TASK OBJECTIVE | Among the entries below, one line contains "little girl on couch with a stomach ache" and another contains "Svart atletisk crop". Transcribe those two lines and every line between them, exactly.

INPUT DATA |
"""
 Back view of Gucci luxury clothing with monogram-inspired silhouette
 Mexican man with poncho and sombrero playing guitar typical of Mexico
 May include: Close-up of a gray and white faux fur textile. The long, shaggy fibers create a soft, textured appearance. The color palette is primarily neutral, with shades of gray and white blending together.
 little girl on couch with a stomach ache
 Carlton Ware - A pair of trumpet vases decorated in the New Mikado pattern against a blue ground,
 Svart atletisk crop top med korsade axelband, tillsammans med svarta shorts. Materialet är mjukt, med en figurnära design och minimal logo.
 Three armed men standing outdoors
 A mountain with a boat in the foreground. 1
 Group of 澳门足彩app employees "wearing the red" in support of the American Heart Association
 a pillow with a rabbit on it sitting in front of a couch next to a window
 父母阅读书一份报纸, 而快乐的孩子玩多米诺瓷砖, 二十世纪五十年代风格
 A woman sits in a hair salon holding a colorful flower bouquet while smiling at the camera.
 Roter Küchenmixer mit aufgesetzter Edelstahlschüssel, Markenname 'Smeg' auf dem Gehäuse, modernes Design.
"""
"""
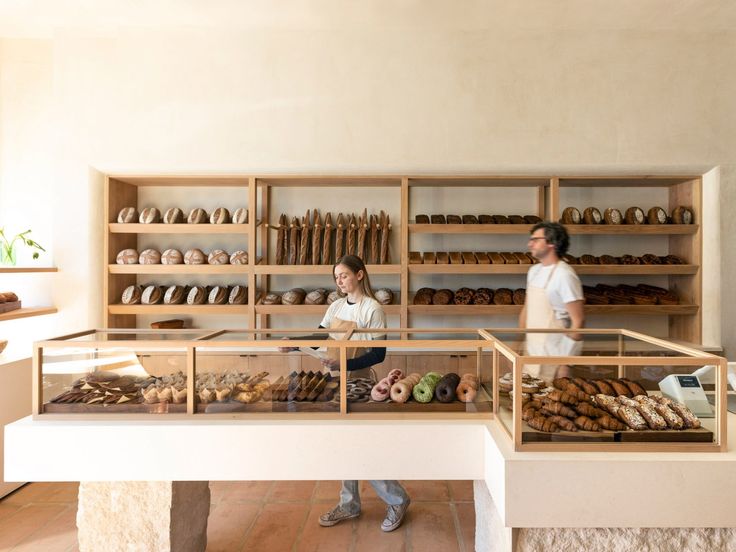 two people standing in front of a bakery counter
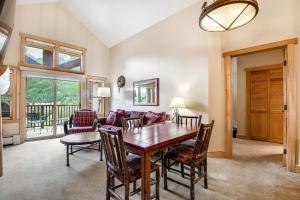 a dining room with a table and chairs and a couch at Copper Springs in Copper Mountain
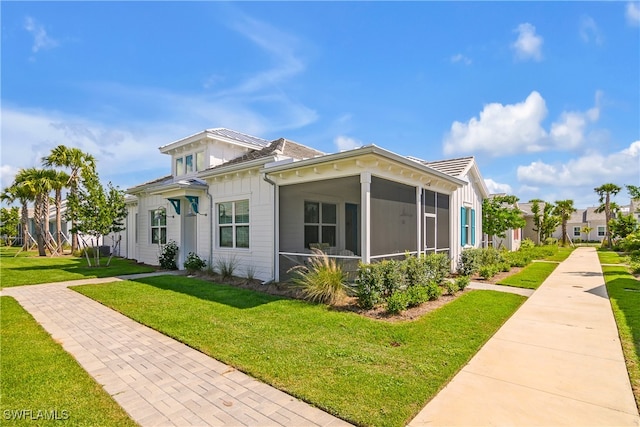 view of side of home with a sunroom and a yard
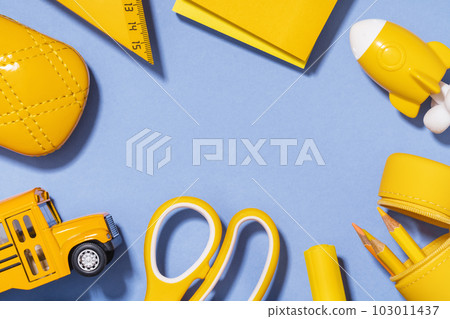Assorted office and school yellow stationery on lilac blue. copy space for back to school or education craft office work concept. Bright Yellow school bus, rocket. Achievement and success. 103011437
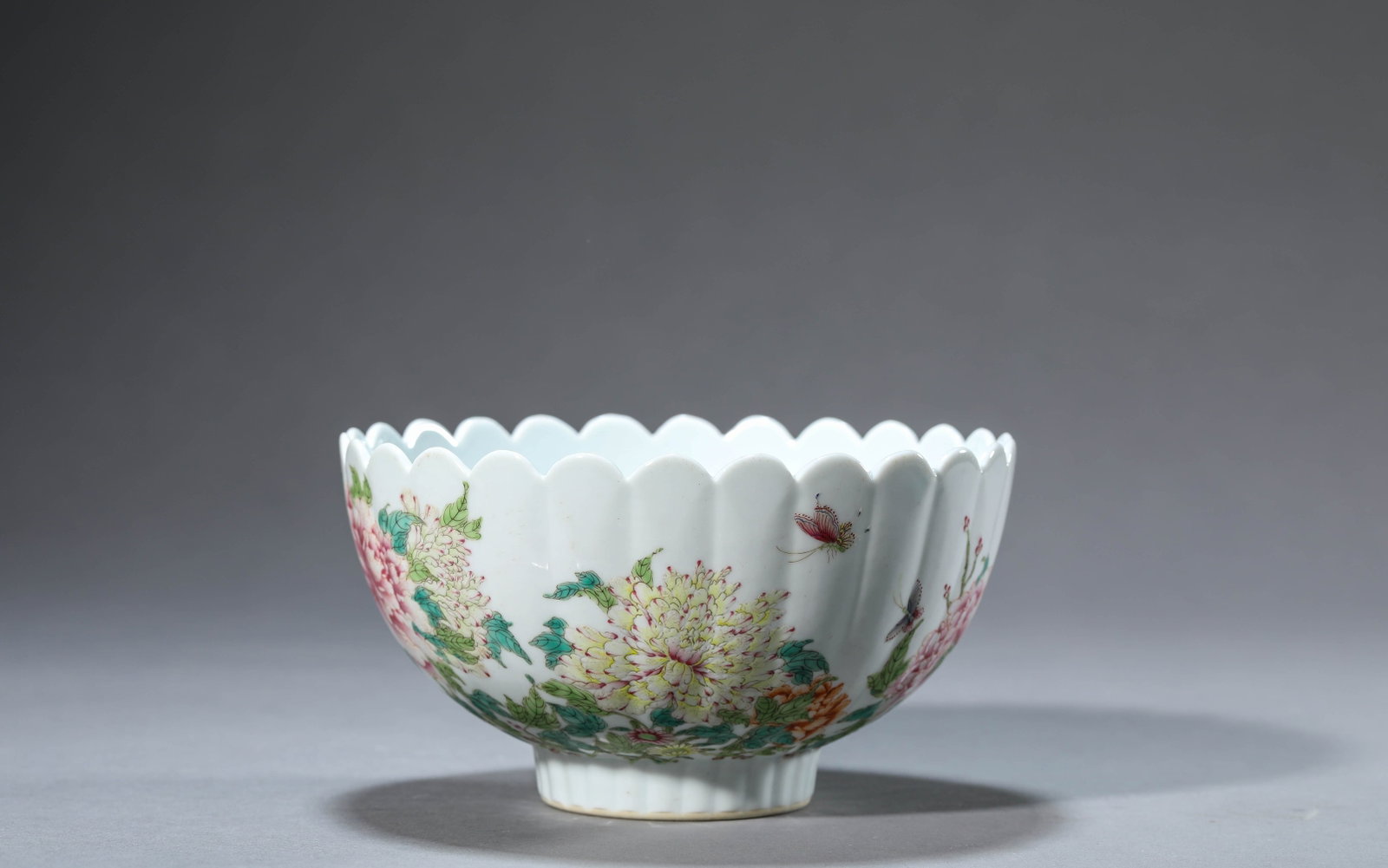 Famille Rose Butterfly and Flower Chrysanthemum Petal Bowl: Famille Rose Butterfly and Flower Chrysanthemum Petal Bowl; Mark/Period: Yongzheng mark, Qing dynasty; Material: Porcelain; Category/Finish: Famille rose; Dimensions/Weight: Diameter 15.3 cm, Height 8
"""
"""
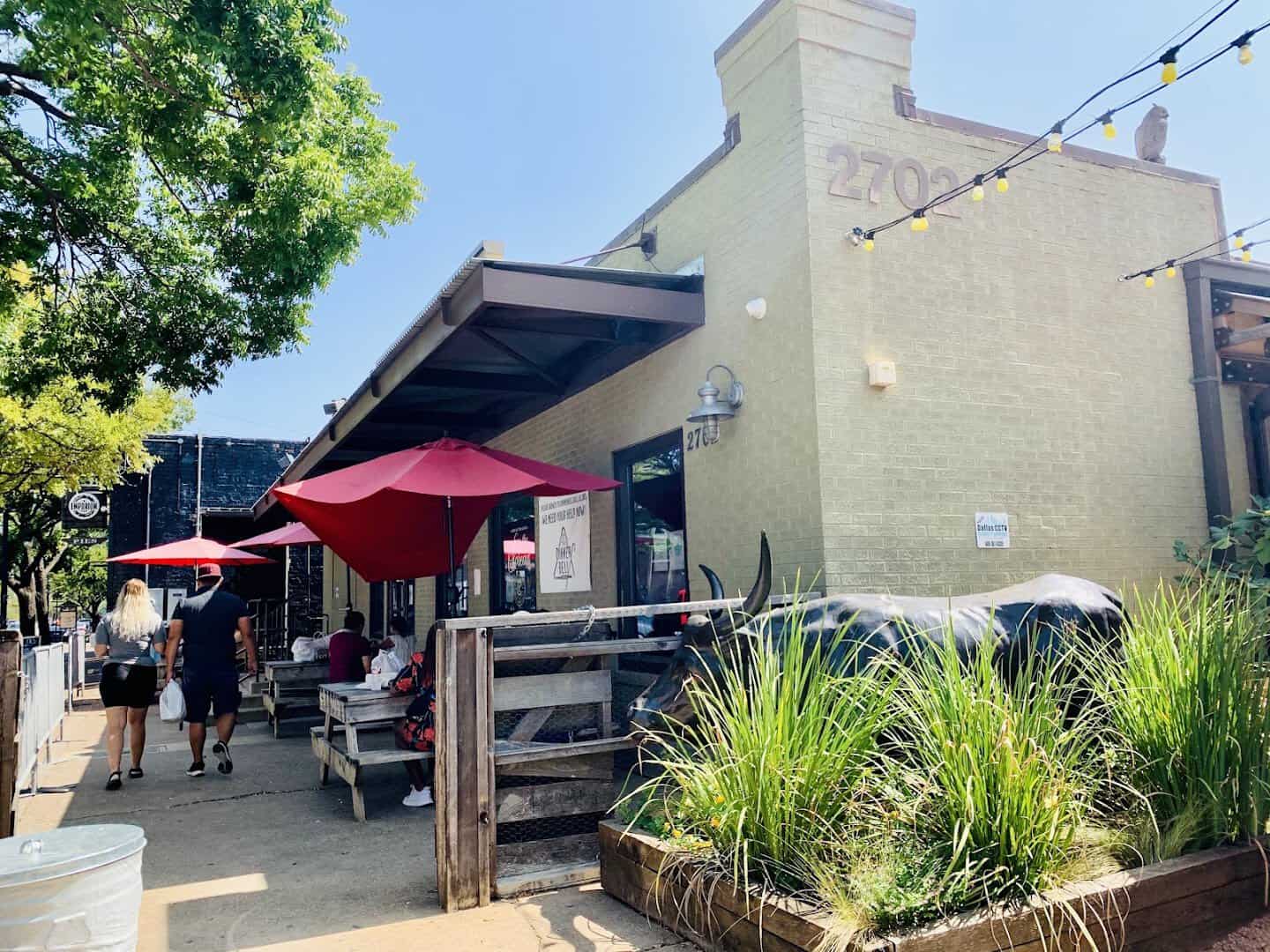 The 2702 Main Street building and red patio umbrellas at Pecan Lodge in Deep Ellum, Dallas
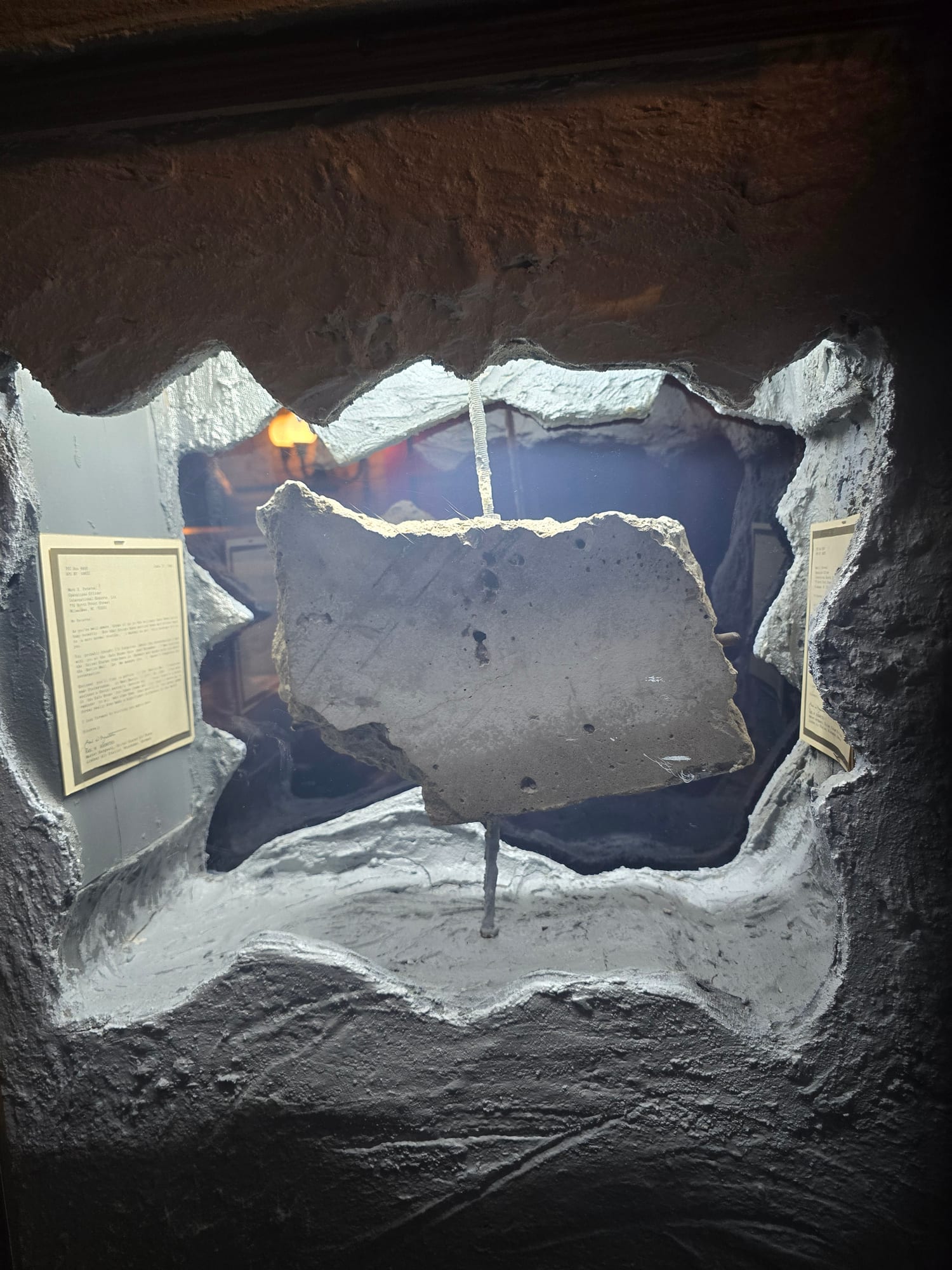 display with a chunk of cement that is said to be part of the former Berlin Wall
"""
ANSWER FOR THE TASK |
 little girl on couch with a stomach ache
 Carlton Ware - A pair of trumpet vases decorated in the New Mikado pattern against a blue ground,
 Svart atletisk crop top med korsade axelband, tillsammans med svarta shorts. Materialet är mjukt, med en figurnära design och minimal logo.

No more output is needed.